Last night at work, while going for a smoke and showing off my Eagle Scout card, I realized that I had lost my ID. Needless to say I flipped my neurotic shit.

Waves of paranoia washed over me. "What if someone steals my identity?" I thought. After scouring my office, the bathroom, and calling every department in the hotel I calmed down. "If its not here, I must have dropped it at a coffee shop or cafe." I reassured myself.

But then, a whole new set of worries grabbed me. What would I do without an ID? I would be unable to go to bars or liquor stores. I would be caught in the throws of sobriety, a very sobering thought indeed! "At least there is always the Maja." I was fighting back worry.

Furthermore, I had no idea how I would replace said ID. What would I need? What if "they" would not reissue me an ID? This post 9/11 world is a pretty crazy place, after all. How would I survive without my happiness fuel?

I called my mom. What else is there to do when one is in need of expert calming? I chatted with her for a bit and described the situation. She agreed that it was frustrating, and that I would need to search the last places I was prior to going to the DMV.

I got off work, and for a while forgot the whole problem. Reading Ray Bradbury's Martian Chronicles helped keep my mind away from my worries while riding the bus home. I felt my panic and paranoia creep back on the walk home from my bus stop, but as I went to sleep I resolved to search high and low (Seattle's Best Coffee and Specialty's Cafe) for my missing Identification.

After work this morning I went downtown. I wanted to kill some time so I wasted time at the Online Coffee Company and then at a Lark in the Morning, a wonderfully esoteric music shoppe.

I used the old "in the market for a new guitar" line and played for an hour and chatted up the clerk (mostly folk music.) After playing about half the guitars in the joint I set off to (hopefully) reclaim my lost ID.

I set back out through the market and being hungry ate some extremely spicy Texas Style Chili that just about gave me a panic attack. Then, feeling the need to waste a little more time, wandered the market for a bit.

No longer able to delay the dreaded inveitable I set off for SBC. I steeped inside and stood at the counter. For TEN minutes. I stood there for ten minutes watching the baristas chat and pretend I was not there.

This increased my chili induced panic. Was I there? Was I just a vapor or a brume? Had I died and continued about my business unaware of my own death? Thankfully, no. Feeling my glare one of the baristas came up to help me. It was Christa, a mousy-bookwormish barista with whom I spoke about books on my occasional visits to Seattle's Best Coffee.

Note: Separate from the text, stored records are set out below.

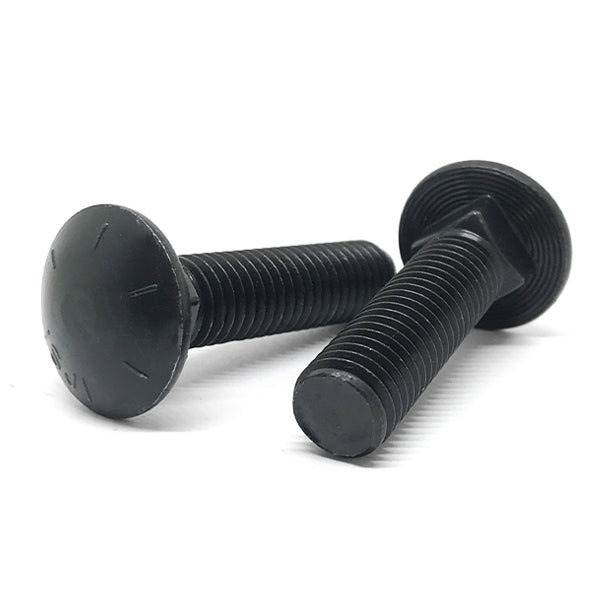 5/8-11x3" Grade 8 Round Head Square Neck Full Thread Carriage Bolts Plain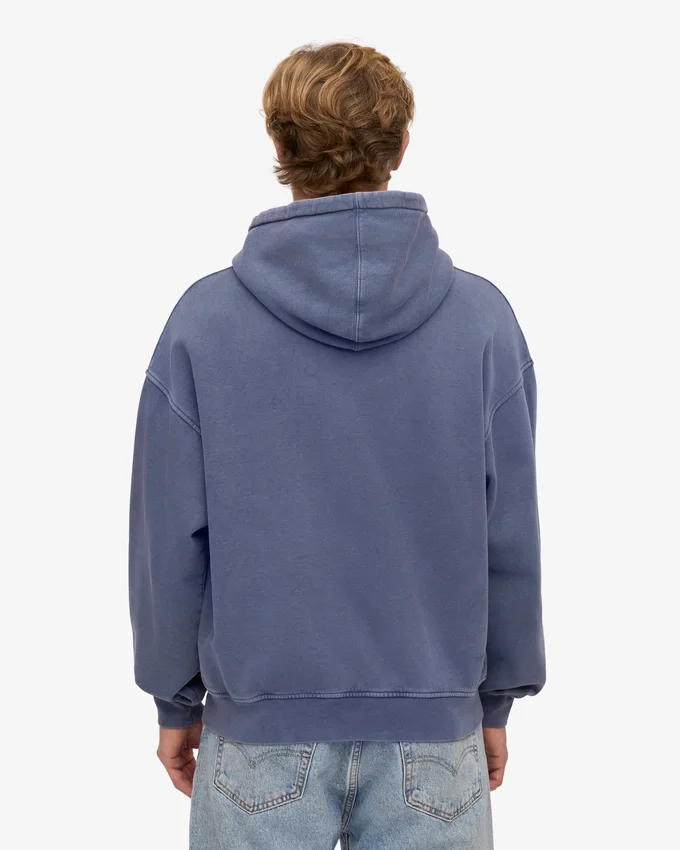Bio-Oversize-Kapuzenjacke mit Reißverschluss – Neptune Blue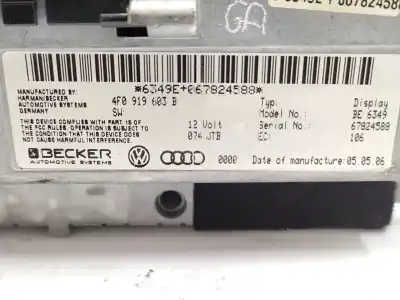 Автозапчастина б/у багатофункційний дисплей для audi a6 c6 (4f2) 2.7 tdi посилання на oem iam 4f0919603b  8t0919603c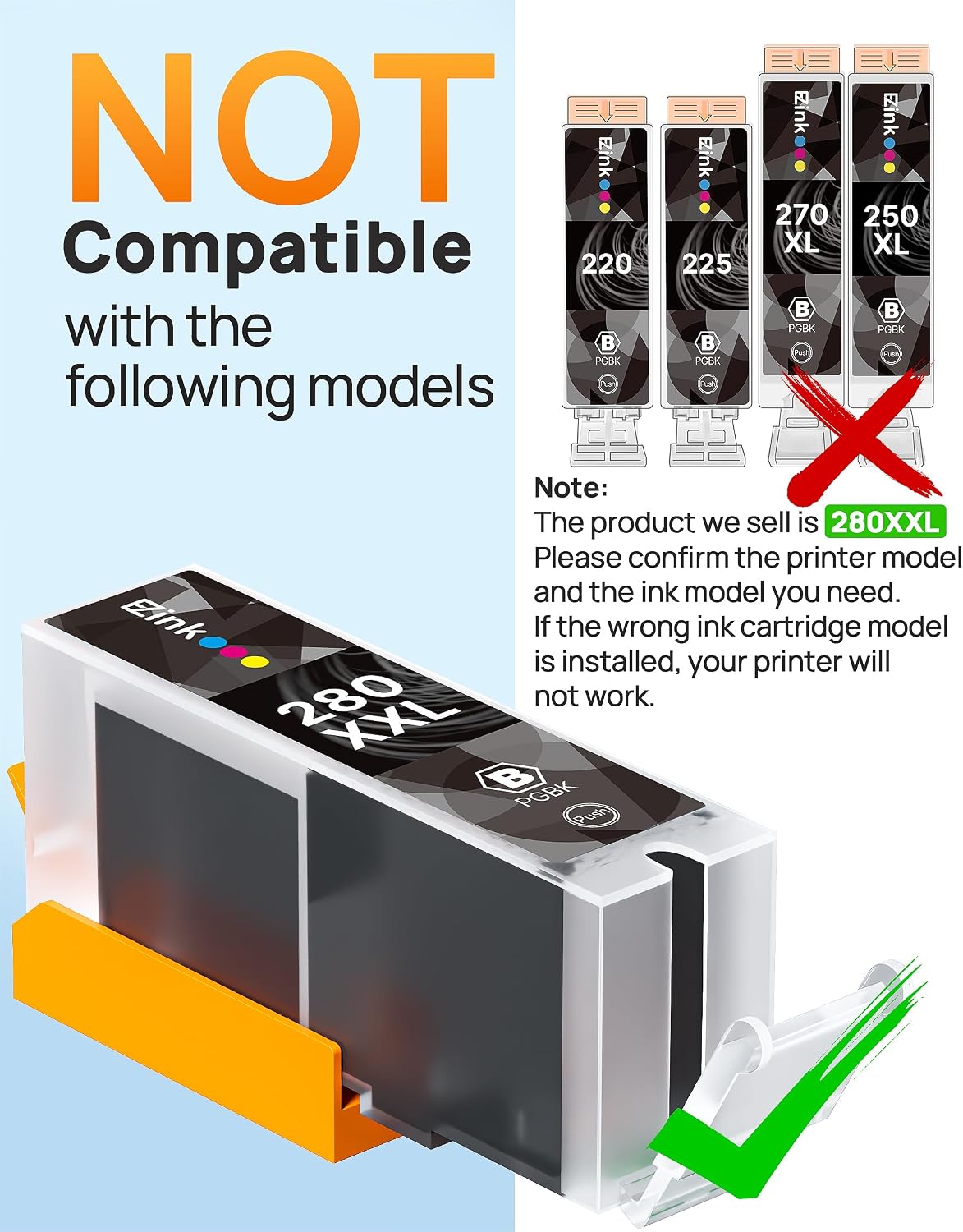 Thumbnail 6 de E-Z Ink Replacement Ink Cartridges 280/281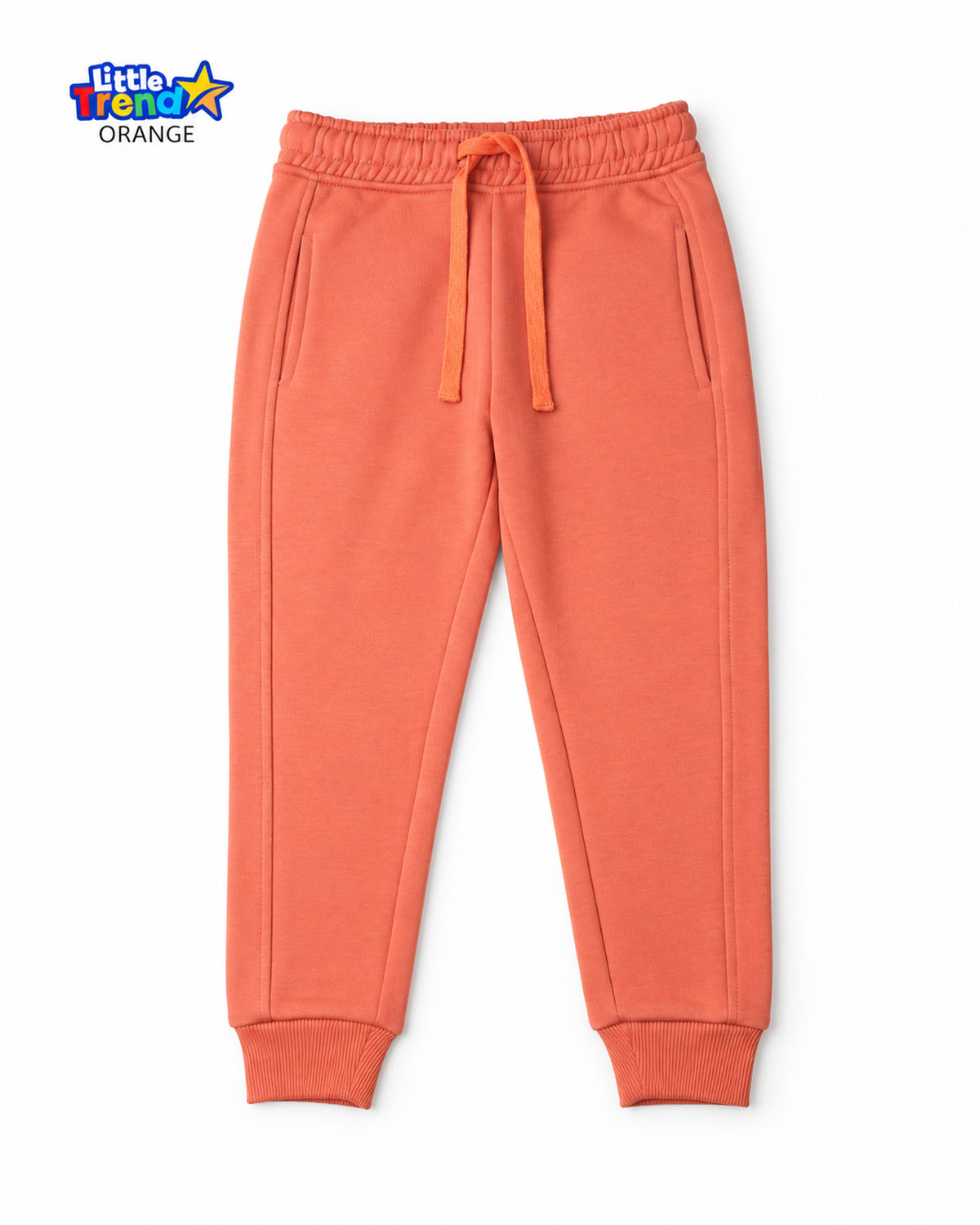 Kids Brushed Inside Joggers Orange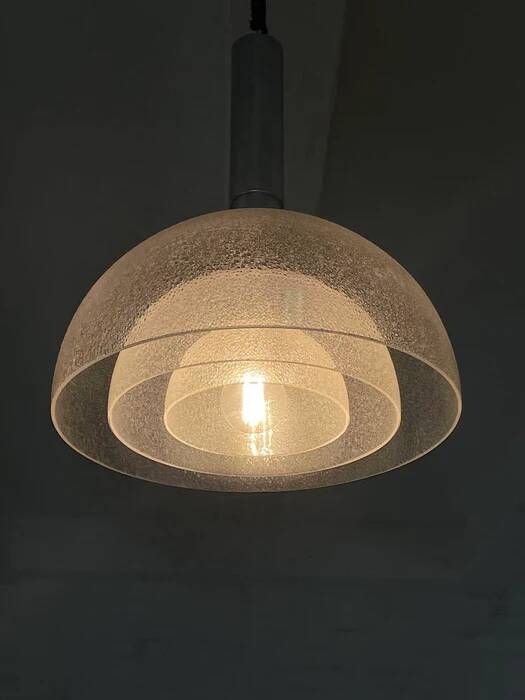 Glass pendant lamp by Carlo Nason for Mazzega, Italy 1970s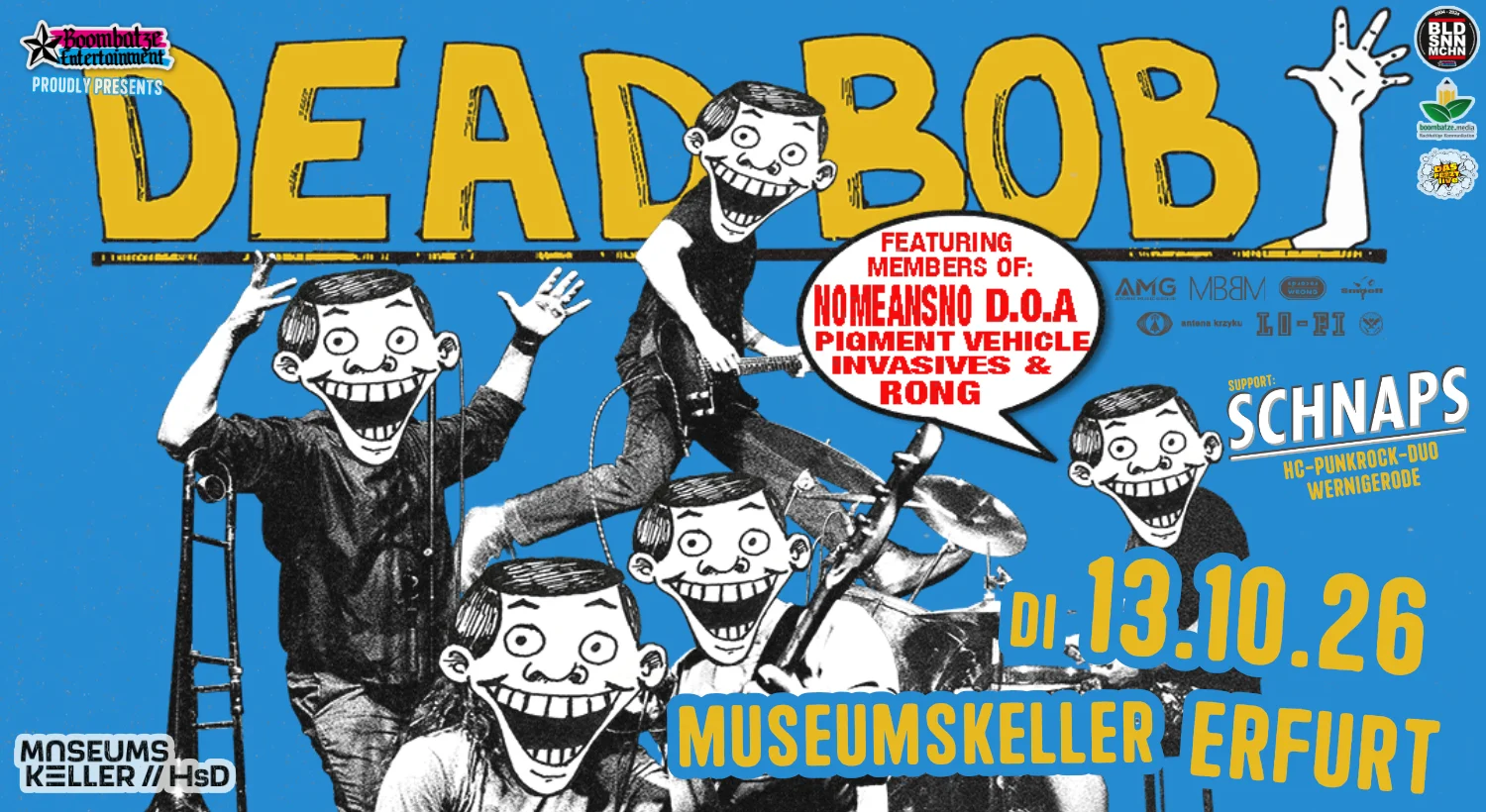 DEAD BOB [CAN] + SCHNAPS [Harz] | Museumskeller Erfurt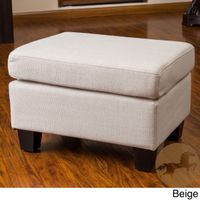 Rosella Fabric Ottoman by Christopher Knight Home - Beige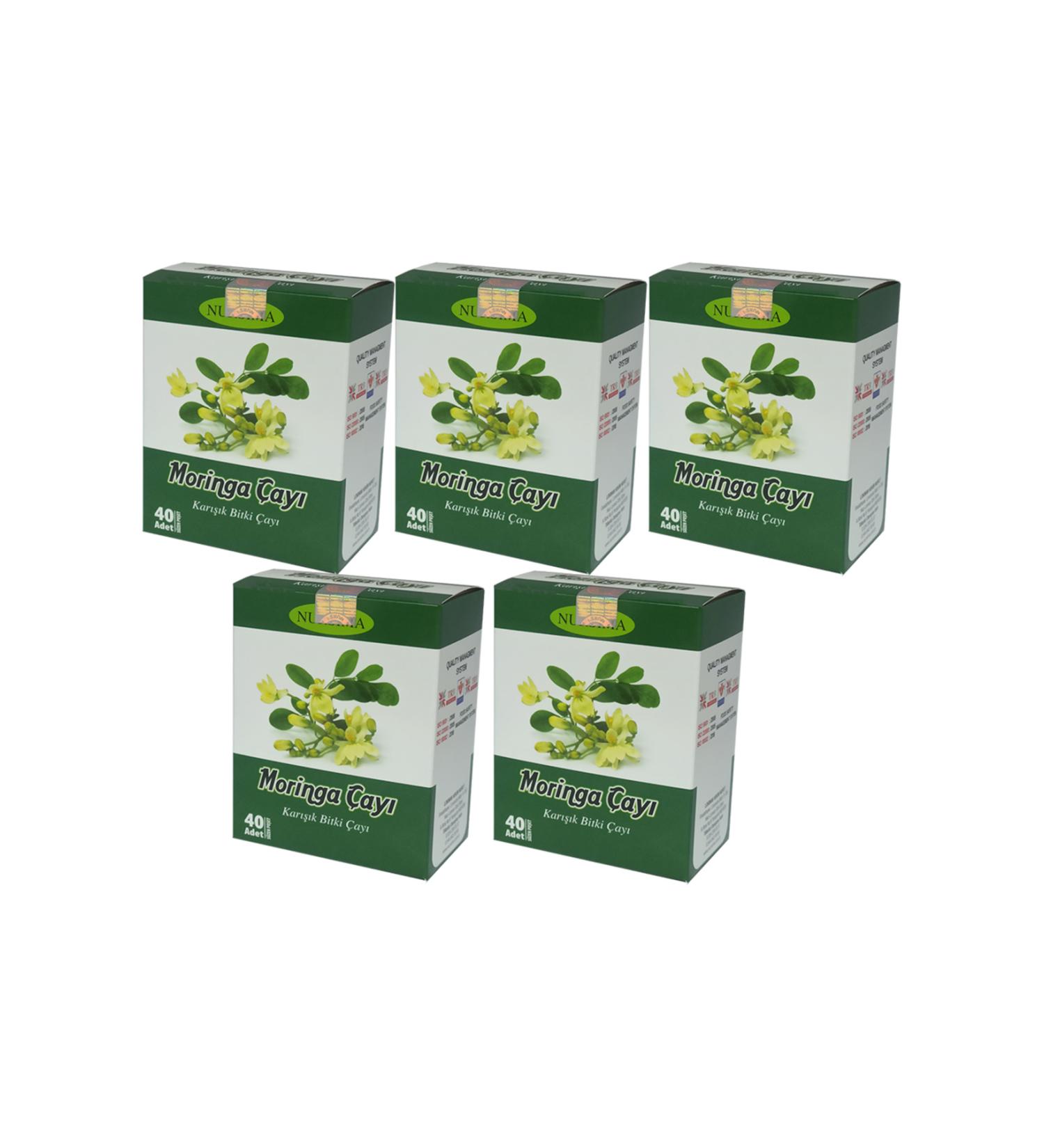 Nursima Moringa Mixed Herbal Tea 40 Filter Bags 5 Boxes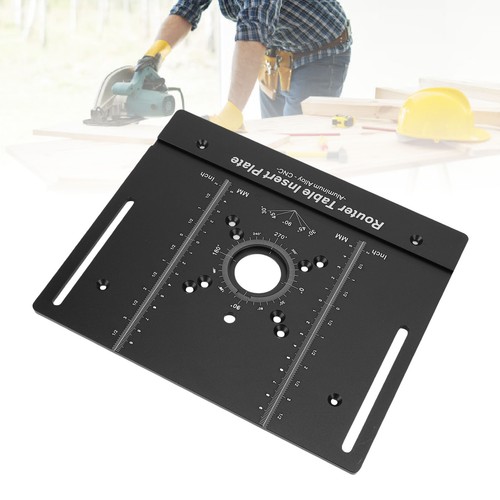 Router table insert plate - table,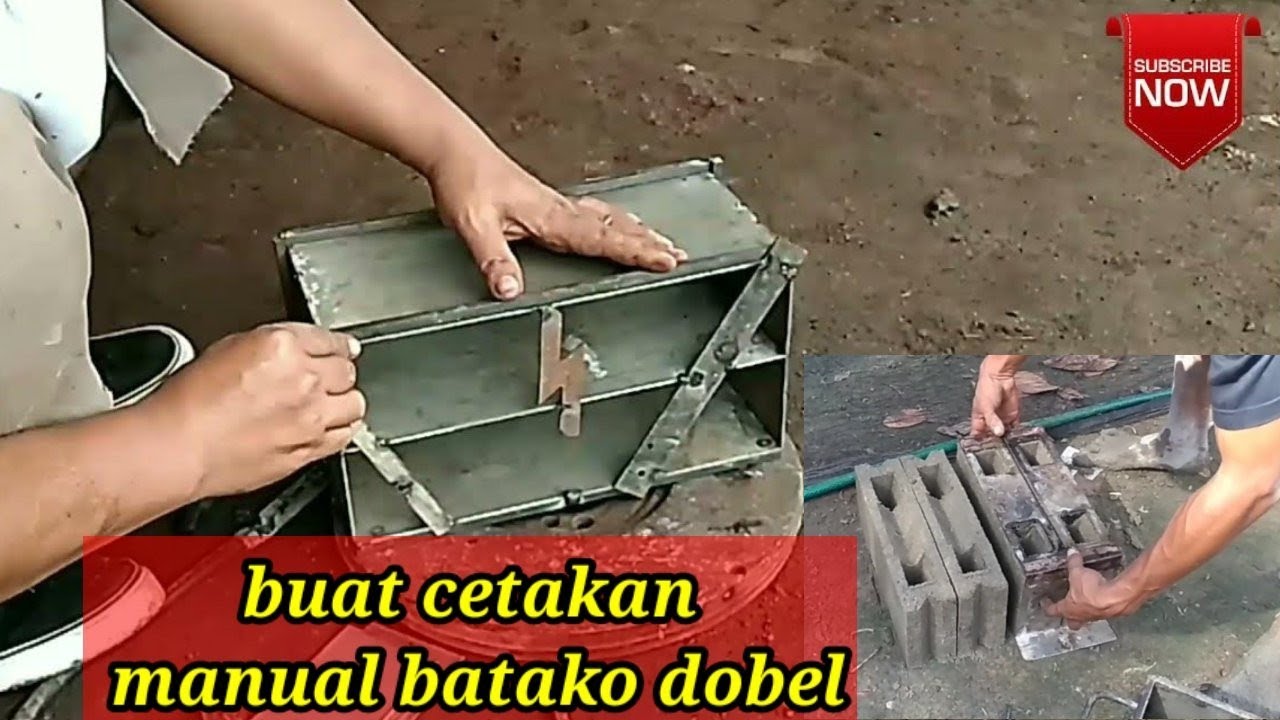 🔴 CARA Buat Cetakan BATAKO DOBEL (full)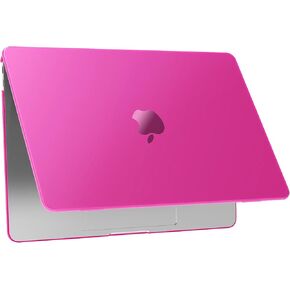 B BELK Compatible with MacBook Air 13 inch Case 2022 2021 2020 2019 2018 Release M1 A2337 A2179 A1932, [Ultra Thin Armor] [Scientific Slim] Plastic Laptop Hard Shell Case + Keyboard Cover, Hot Pink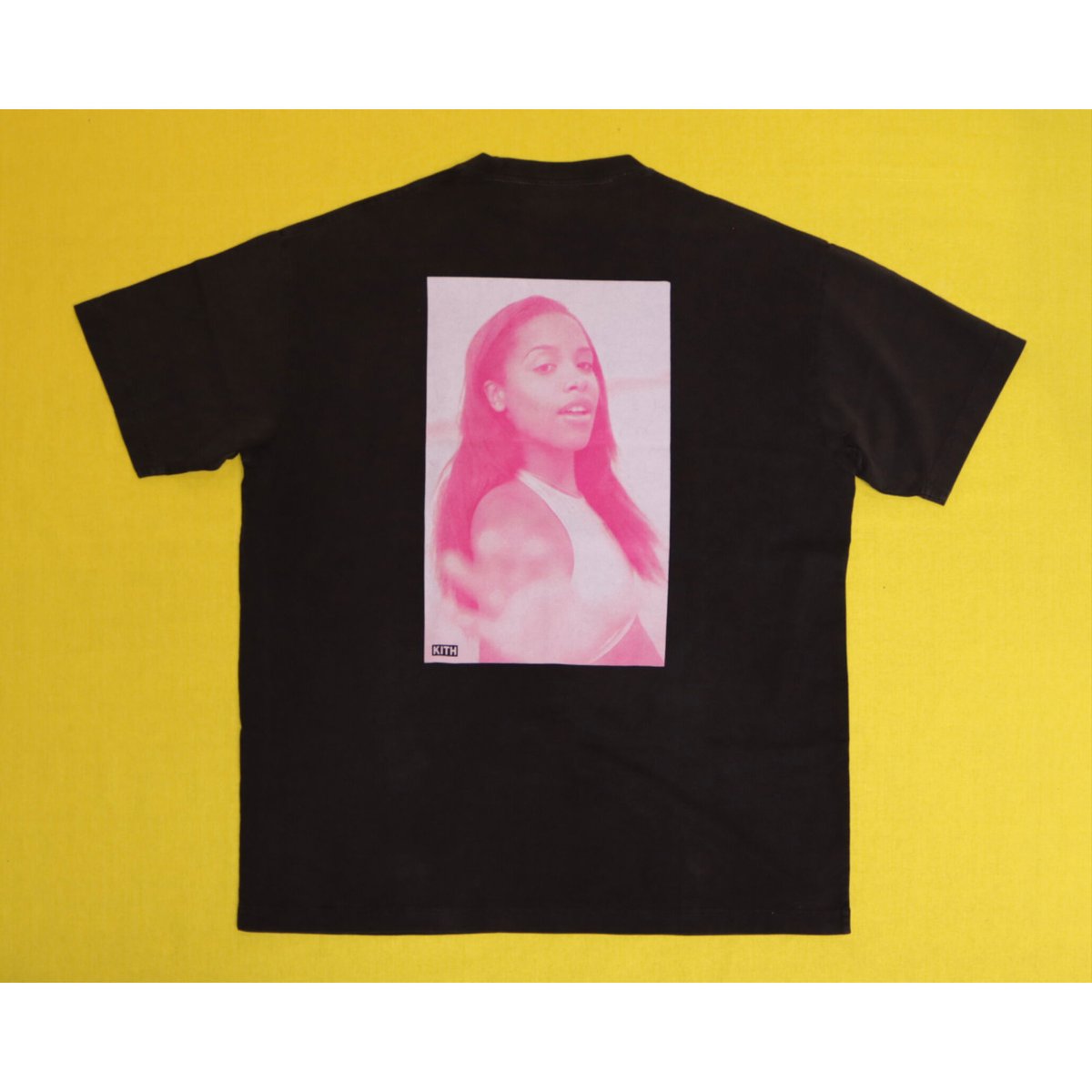 KITH x RW x AALIYAH CLASSIC LOGO VINTAGE T Blac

"Can I get a drink started for you?" she asked, smiling.
"Do you have a lost and found?" I asked in return.
"Do we have a . . . lost and. . . " a light clicked. "Oh!" she exclaimed, "You're IAN!" I was both worried and elated at this minor fame.
"Yeah, I'm Ian."
"I have something for you." I prayed it was not a severed head.
"What is it?" a silly question, because I knew immediately what it was.
"This." She handed me a piece of paper with my ID taped to it. There were various phrases written on the sheet. "Help! I'm lost!" A speach bubble said. In another person's handwritting it said "REGULAR. He will be back."

"Thanks," I said feeling much better having attained my lost ID.
"So. . . do you want a drink in celebration!" Christa made me a coffee smoothie and I was on my way. Next stop West Seattle.